In a press statement, Germany’s Interior Ministry said: “We can confirm that the Federal Office for Information Security (BSI) and intelligence services are investigating a cybersecurity incident concerning the federal government’s information technology and networks.”
According to DW, the IVBB network has an added layer of security and is separated from other public networks to stay under the radar. However, since it is used extensively by government departments and ministries, any data breach from its servers could seriously compromise Germany’s security and the security of information belonging to citizens.
An earlier report by German news agency DPA had revealed that prominent Russian hacker group ATP28, also known as Fancy Bear, had successfully injected malware into a government network. The malware reportedly stayed hidden for over a year before being discovered by officials.
Russian hackers like APT28, ATP10, and ATP29 have previously been accused of using remote servers to perpetrate cyber-attacks on political parties in Germany. The most significant of these cyber-attacks was one conducted on the Bundestag in May 2015 which resulted in the loss of large amounts of data. Angela Merkel’s Christian Democratic Union (CDU) was at the receiving end of most of these cyber-attacks.
“We recognize this as a campaign being directed from Russia. Our counterpart is trying to generate information that can be used for disinformation or for influencing operations. Whether they do it or not is a political decision … that I assume will be made in the Kremlin,” said Hans-Georg Maassen, president of the BfV agency which is entrusted with keeping Germany’s constitution secure.
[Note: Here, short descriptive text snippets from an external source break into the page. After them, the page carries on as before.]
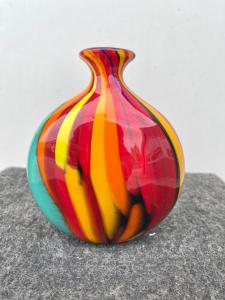 Vaso in vetro sommerso a strisce verticali policrome.Manifattura Seguso Viro.Murano.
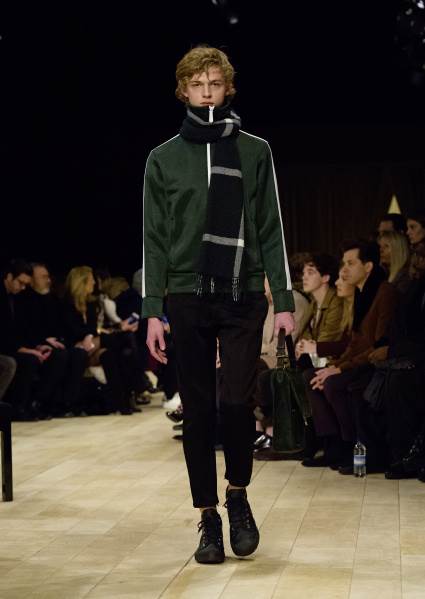 luksuz-sportski-glamur-i-retro-paleta-boja-glavni-aduti-burberry-muske-kolekcije-za-jesen-2016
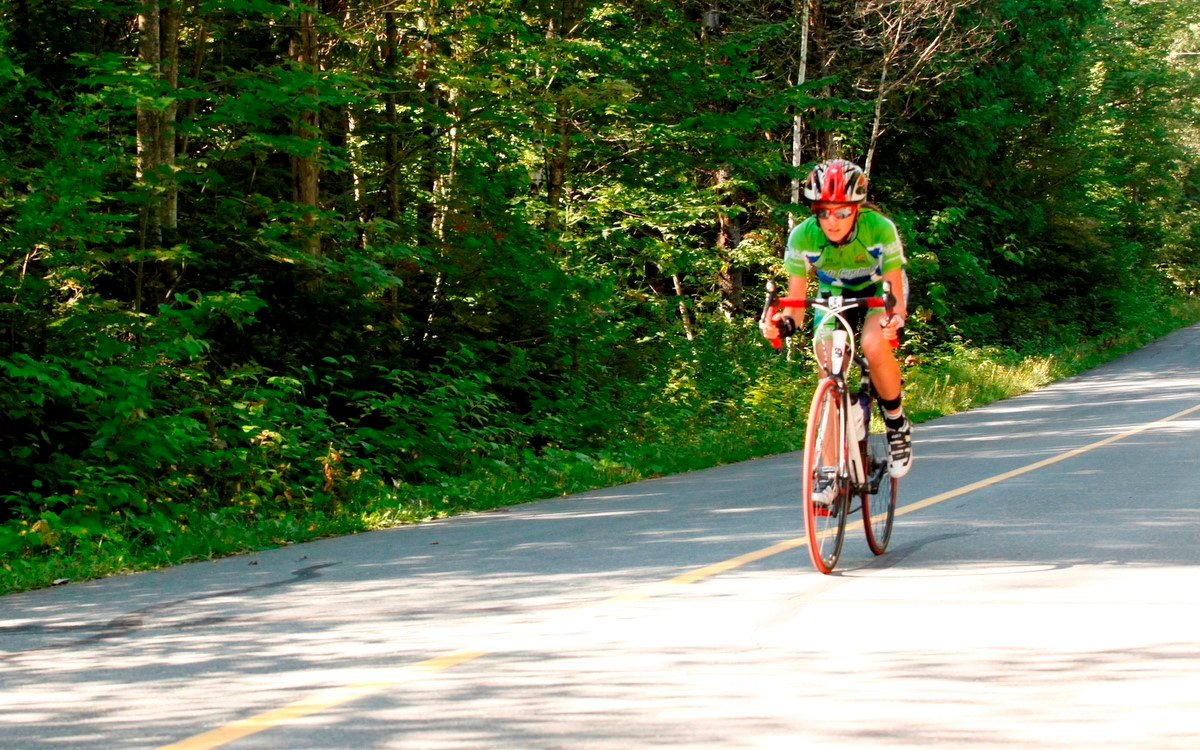 (299 photos) Plus de 150 braves pour le Premier Triathlon du Lac-Poulin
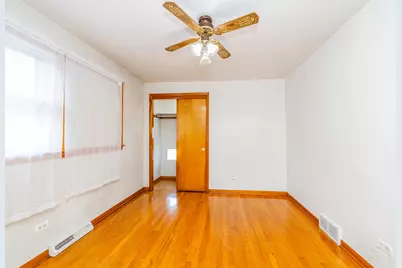 6023 S Parkside Avenue, Chicago, IL 60638 - Photo 4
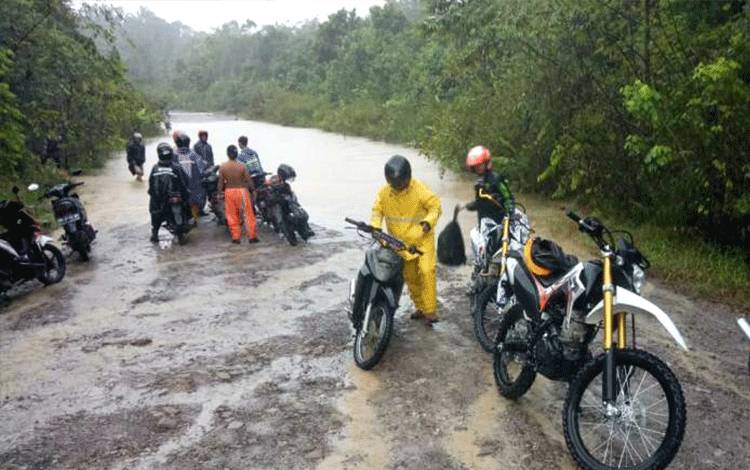 Jalan Lintas Provinsi di Desa Lemo Tak Bisa Dilalui Akibat Banjir
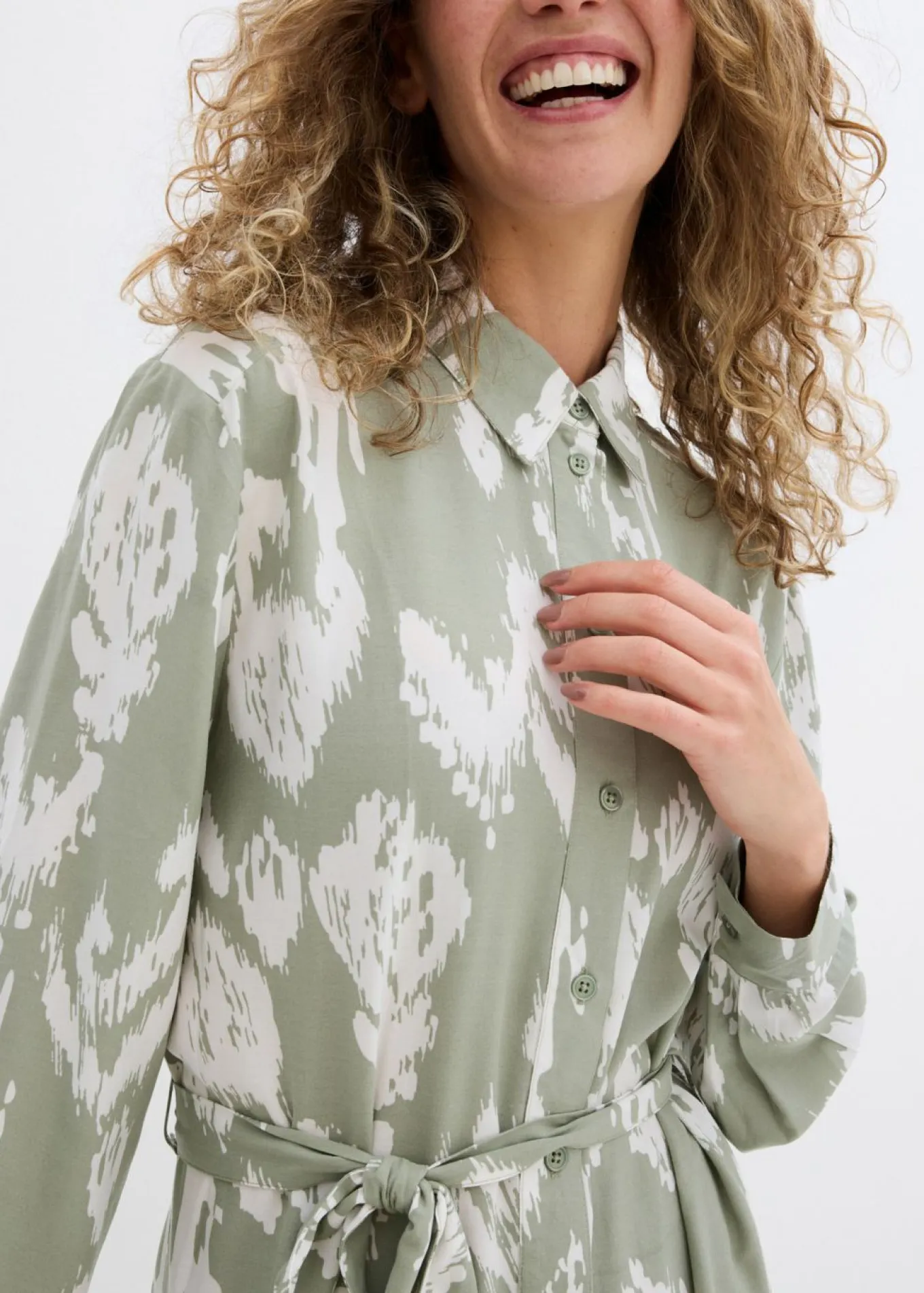 Vestido camisero de viscosa fluida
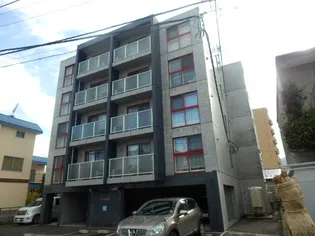 ピュアステージ円山【2階】の外観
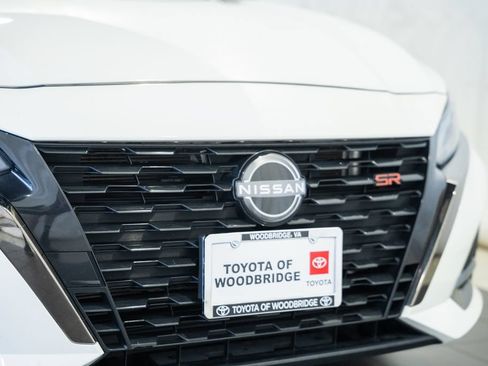 Used 2024 Nissan Altima 2.5 SR FWD image 10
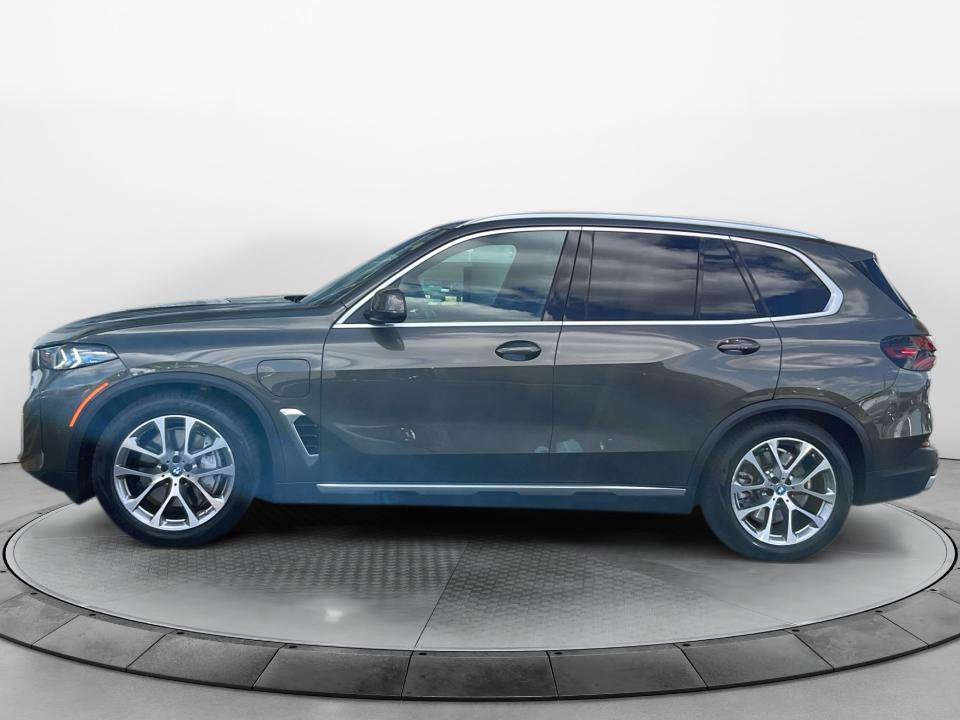 Used 2025 BMW X5 xDrive50e w/ Premium Package AWD/4WD image 4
Information stolen via such cyber-attacks were reportedly used by Russians to create fake news and propaganda to influence opinions of voters ahead of last year’s September elections, he added. One such example was the news about the rape of a 13-year Russian-German girl by migrants. Rumours were also spread about the father of former European Parliament President Martin Schulz running a Nazi concentration camp during the world war.